All were students of SMK Seksyen 9 here except Syed Nazrin, who attended Sekolah Dato’ Abdul Razak in Seremban, one of Malaysia’s oldest fully residential premier schools.Syed Nurshadir, who last saw his children in January, said he was pleased with their results.
“Though they weren’t all straight As, it was their effort that counts. Whatever results
they achieved, they should be happy because what they give is what they’ll get,” said the father of four, who planned on taking the quad out for a celebratory dinner.
Mother Saidatul Nazura Mohd Sabi, 51, said she monitored their studies at home and that disciplining the quad since young helped mould them into who they are today.“I do not have to micromanage them. They are motivated and independent children who push each other, correct each other’s studies and compete with one another to do better.
“They are a playful bunch. But when one sees the others studying, he or she will follow suit,” she said, adding that they attended tuition for subjects they were weak in such as Additional Mathematics.
The youngest of the four, Sharifah Nadira, said being part of the quad kept her studies in check.
“There are standards to live up to.

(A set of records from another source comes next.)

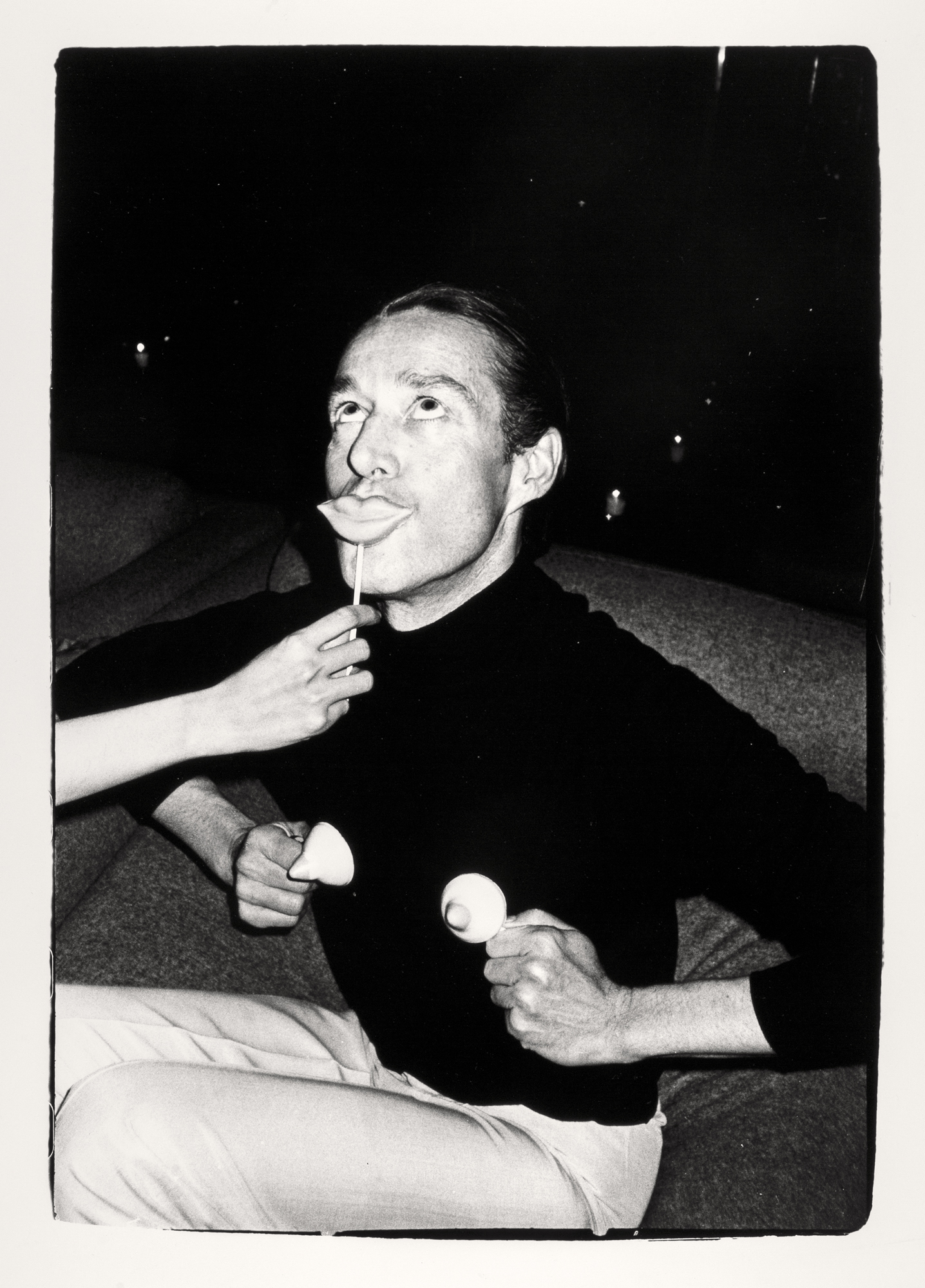 Andy Warhol, born Pittsburgh, Pennsylvania 1928, died New York City, New York 1987, <em>Halston at home, New York</em>, no. 7 from the portfolio <em>Photographs</em>, c.1976-79; published 1980, New York, United States, gelatin silver photograph, 42.2 x 29.4 cm (image), 50.5 x 40.8 cm (sheet); James and Diana Ramsay Fund 2020, Art Gallery of South Australia, Adelaide, © Andy Warhol Foundation for the Visual Arts, Inc. ARS/Copyright Agency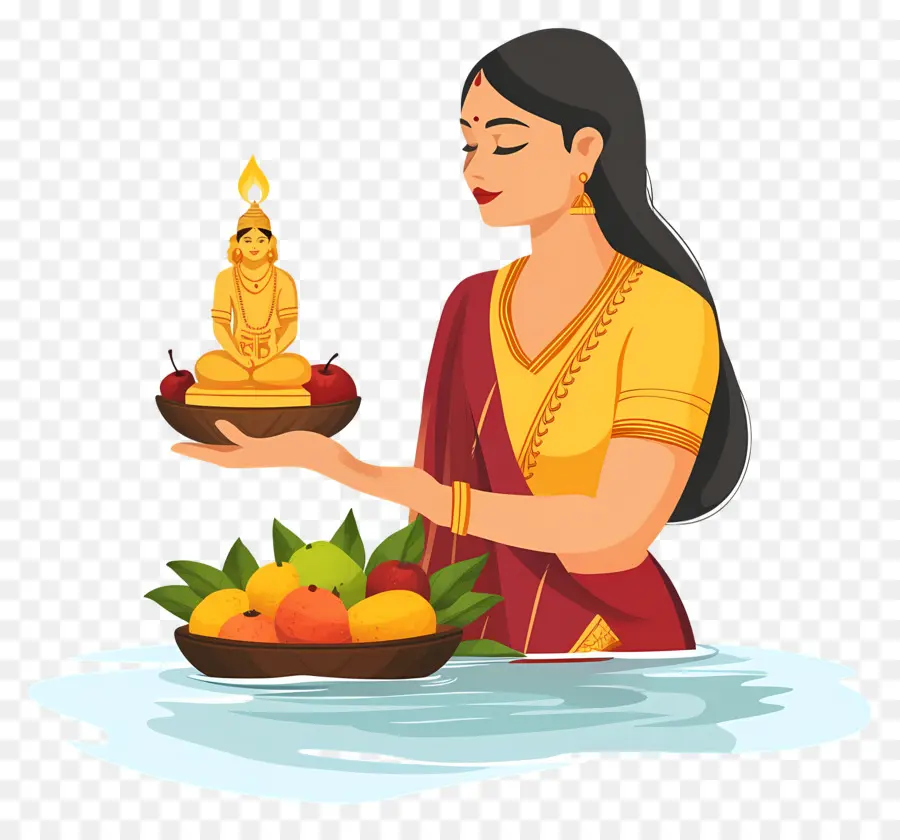 Chhath Puja，Femme Indienne PNG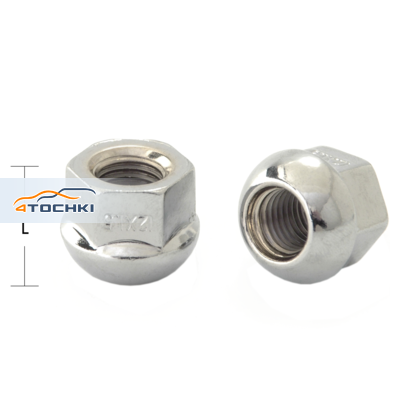 Гайка M12x1,25 (18) hex19 сфера R12, открытая CH (КИТАЙ) H-226S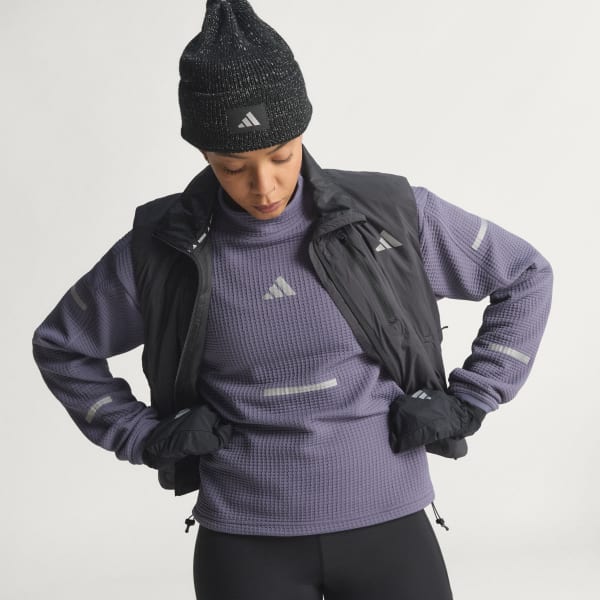 Μωβ Μπλούζα Adi365 Running CLIMAWARM+ Crewneck
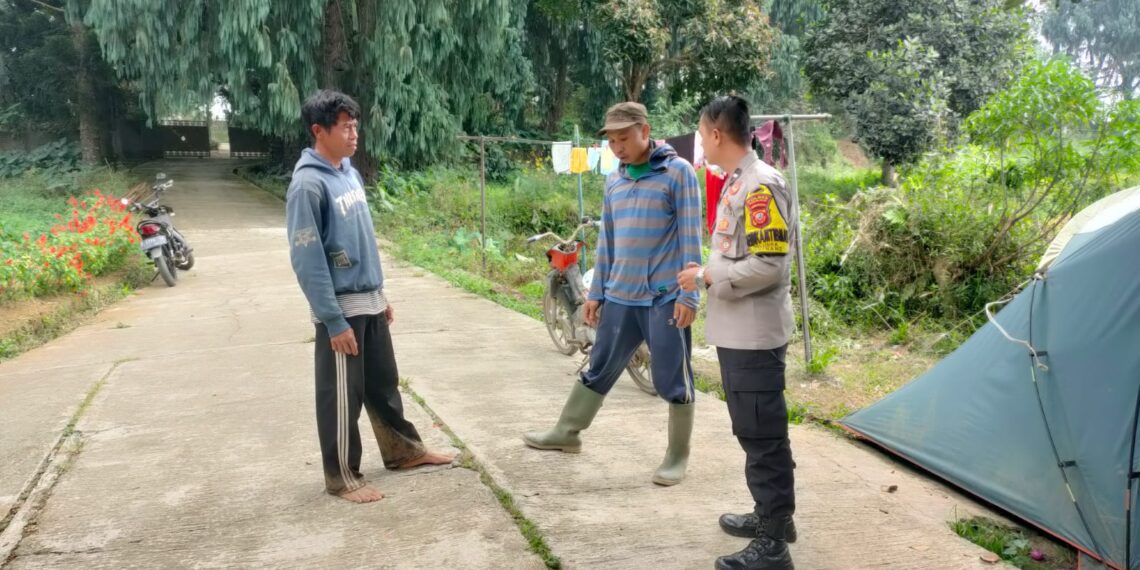 Pesan Kamtibmas Disampaikan Saat Bhabinkamtibmas Polsek Cugenang Sambang Warga Binaan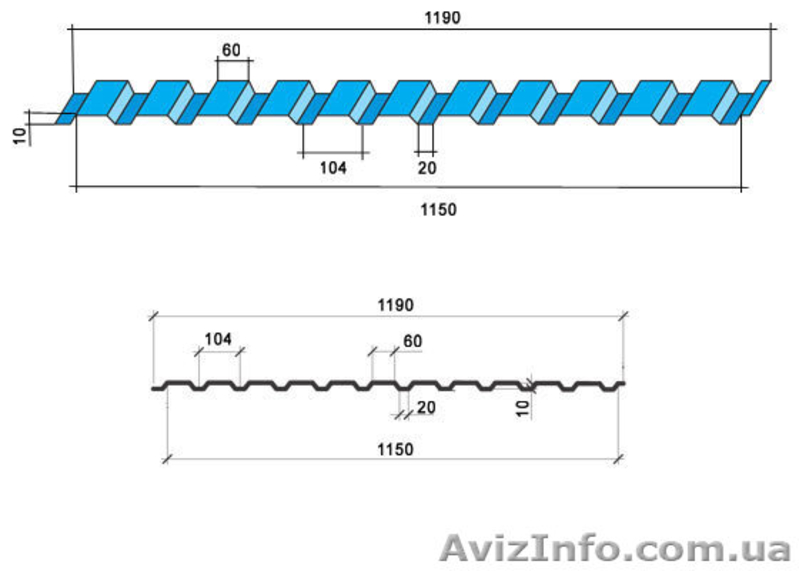 Профнастил и металлочерепица,комплектующие - <ro>Изображение</ro><ru>Изображение</ru> #2, <ru>Объявление</ru> #366320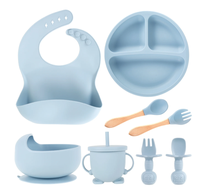 Set complet din silicon pentru diversificare bebelusi si copii - 1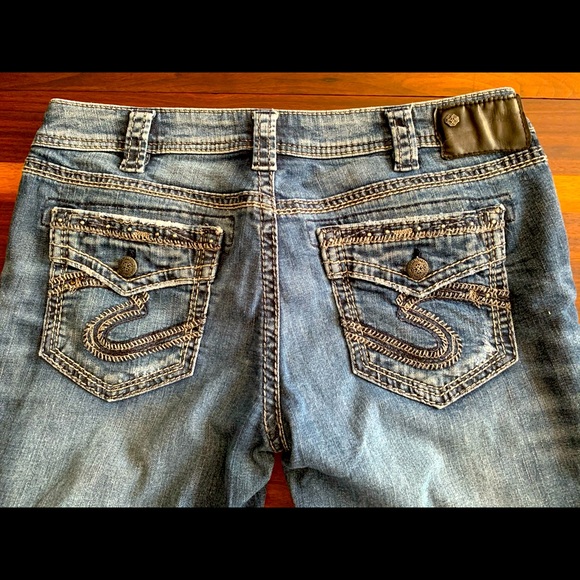 SILVER AIKO mid rise bootcutđź‘– jeans - Picture 4 of 6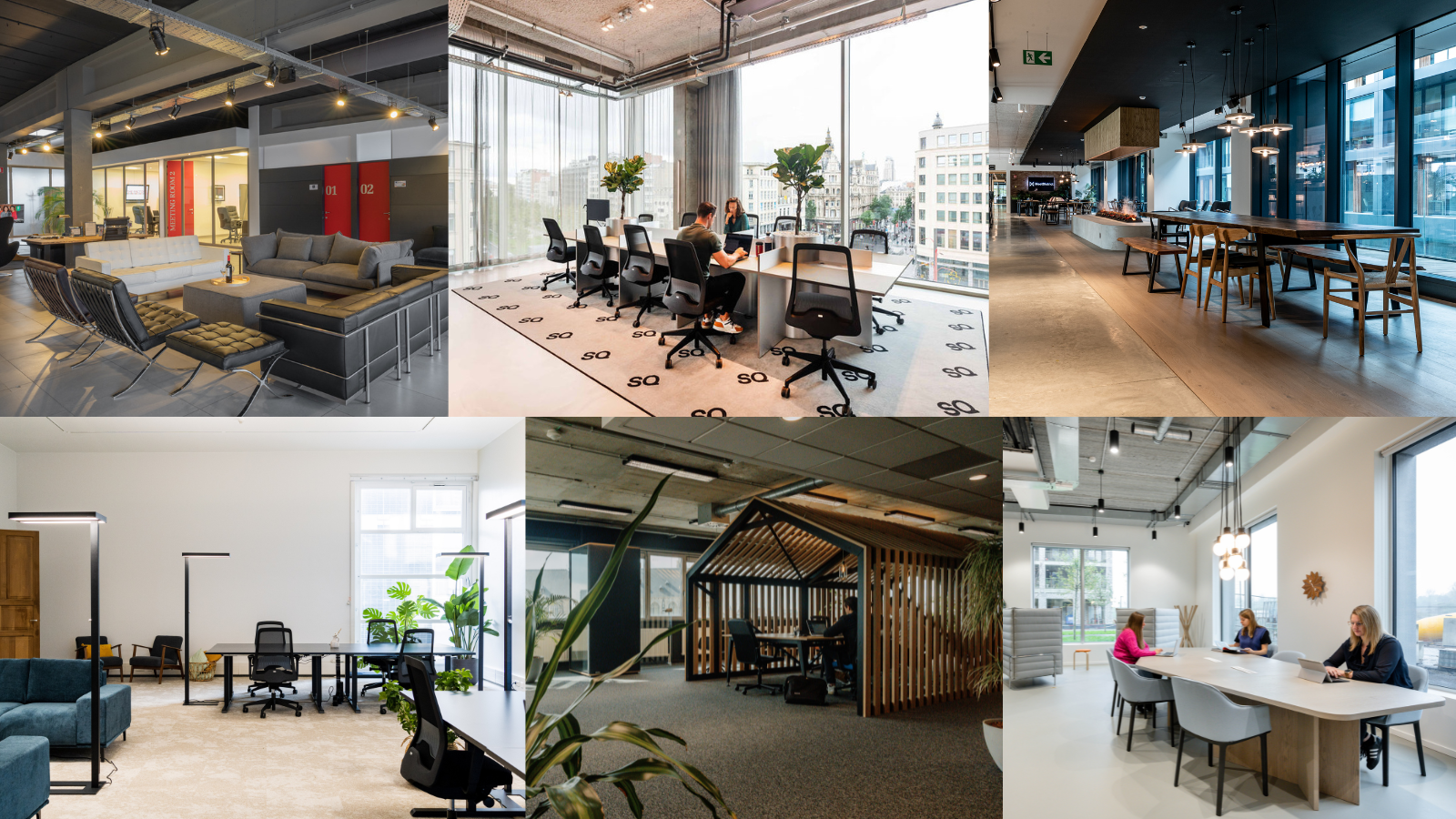 Coworking spaces in Antwerpen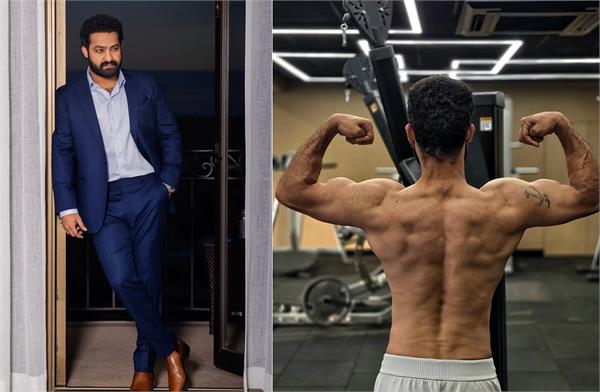 junior ntr shares workout photo  showcases transformation for   ntrneel  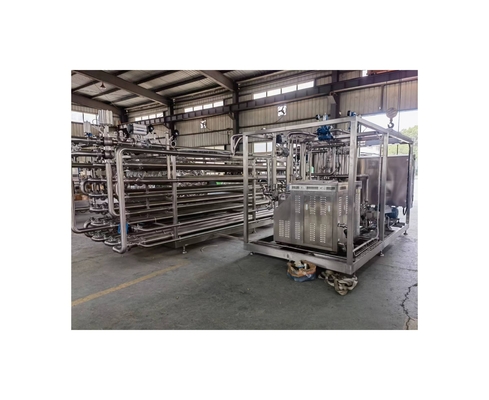 입수 온도 20-30°C 농축 과일 퓨레 튜브 튜브 살균기 2500 KG
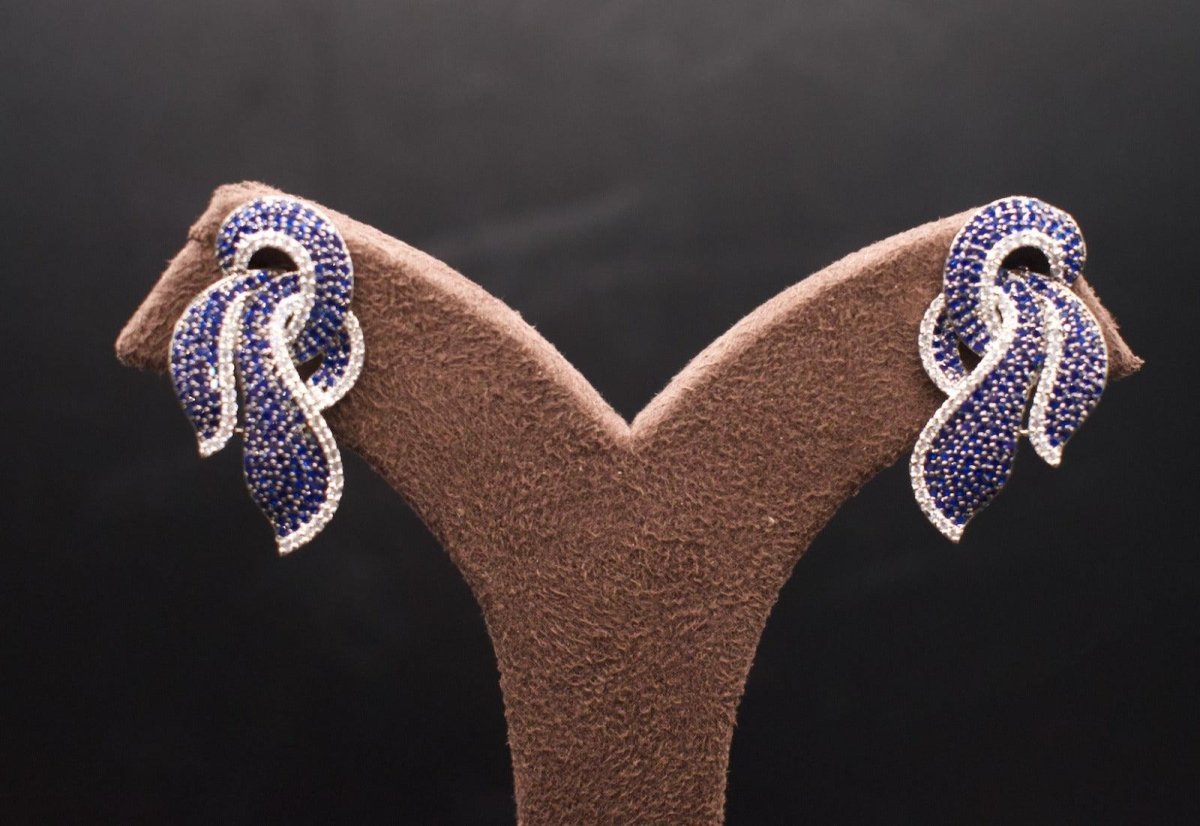 Exquisite Cz American Diamond Earrings - Main Image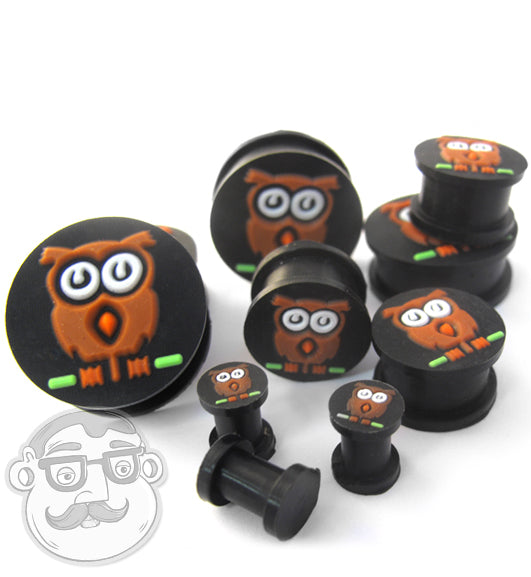 Silicone 3D Owl Plugs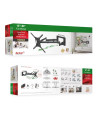 Suport TV plat/curbat de perete cu 2 brate Barkan BM464XL, 13"-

My mission is always to beat the rest, but through healthy competition of course.
“We compete with each other, but take it in a positive stride,” said the aspiring filmmaker, who wants to carve a name for herself in the broadcasting industry in the future.
“Being part of the quad gave us good stress that kept us going. It also meant that we all always had a forever friend in school and at home, where cram sessions were conducted at night when exams drew near,” she added.
The eldest of the quad, Sharifah Nazira, said she was proud of her siblings.
“Taking SPM with three other siblings at the same time can be stressful because there is competition. Whenever I see them studying, I feel bad that I am not studying,” said the science stream student, who is interested in studying fashion.
Syed Nadzmi, the third member of the quad, was elated to find that he had passed Additional Mathematics.
“I thought I would fail, but I got much better than expected. I’m usually the lazy bum at home and have to force myself to study,” said the aspiring architect.
Syed Nazrin, the second member of the quad, said being away from his siblings made him try harder in studies. He chose to enrol in Sekolah Dato’ Abdul Razak as it was his father’s alma mater.
“We (the quad) would argue with each other over whose school is better but ultimately we all tried our best,” said the science stream student, who dreams of studying business in the United States and building his own lifestyle brand in the future.